(Exercise details)
Only the lines from the one containing "Enlarge Benji, a" through the last line of the entries are wanted. Transcribe them exactly.
** Available data follows **
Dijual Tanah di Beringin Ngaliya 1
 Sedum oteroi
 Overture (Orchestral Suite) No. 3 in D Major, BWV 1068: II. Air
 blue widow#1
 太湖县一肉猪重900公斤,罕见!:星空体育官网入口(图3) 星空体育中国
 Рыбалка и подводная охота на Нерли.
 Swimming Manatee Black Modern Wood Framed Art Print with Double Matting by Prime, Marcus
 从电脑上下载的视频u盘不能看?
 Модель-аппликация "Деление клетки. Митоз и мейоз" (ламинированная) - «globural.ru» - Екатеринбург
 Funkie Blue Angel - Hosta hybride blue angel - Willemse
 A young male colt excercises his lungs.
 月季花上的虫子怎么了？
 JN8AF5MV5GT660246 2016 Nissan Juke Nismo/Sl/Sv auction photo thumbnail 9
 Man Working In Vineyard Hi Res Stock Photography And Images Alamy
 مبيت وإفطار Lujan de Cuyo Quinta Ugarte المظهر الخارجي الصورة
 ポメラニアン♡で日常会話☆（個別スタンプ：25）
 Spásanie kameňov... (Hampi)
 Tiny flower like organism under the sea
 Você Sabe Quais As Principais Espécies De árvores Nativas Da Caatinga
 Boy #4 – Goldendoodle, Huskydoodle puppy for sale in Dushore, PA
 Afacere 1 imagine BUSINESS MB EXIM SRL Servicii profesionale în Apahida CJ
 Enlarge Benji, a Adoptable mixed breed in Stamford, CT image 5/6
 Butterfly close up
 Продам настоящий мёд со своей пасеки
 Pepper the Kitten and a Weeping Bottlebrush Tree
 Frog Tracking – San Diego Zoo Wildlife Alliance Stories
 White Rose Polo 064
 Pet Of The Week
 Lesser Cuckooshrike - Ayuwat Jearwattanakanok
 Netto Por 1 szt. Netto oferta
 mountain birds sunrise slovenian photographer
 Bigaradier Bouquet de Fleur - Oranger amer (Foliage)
** End of Available data **
(Task result)
 Enlarge Benji, a Adoptable mixed breed in Stamford, CT image 5/6
 Butterfly close up
 Продам настоящий мёд со своей пасеки
 Pepper the Kitten and a Weeping Bottlebrush Tree
 Frog Tracking – San Diego Zoo Wildlife Alliance Stories
 White Rose Polo 064
 Pet Of The Week
 Lesser Cuckooshrike - Ayuwat Jearwattanakanok
 Netto Por 1 szt. Netto oferta
 mountain birds sunrise slovenian photographer
 Bigaradier Bouquet de Fleur - Oranger amer (Foliage)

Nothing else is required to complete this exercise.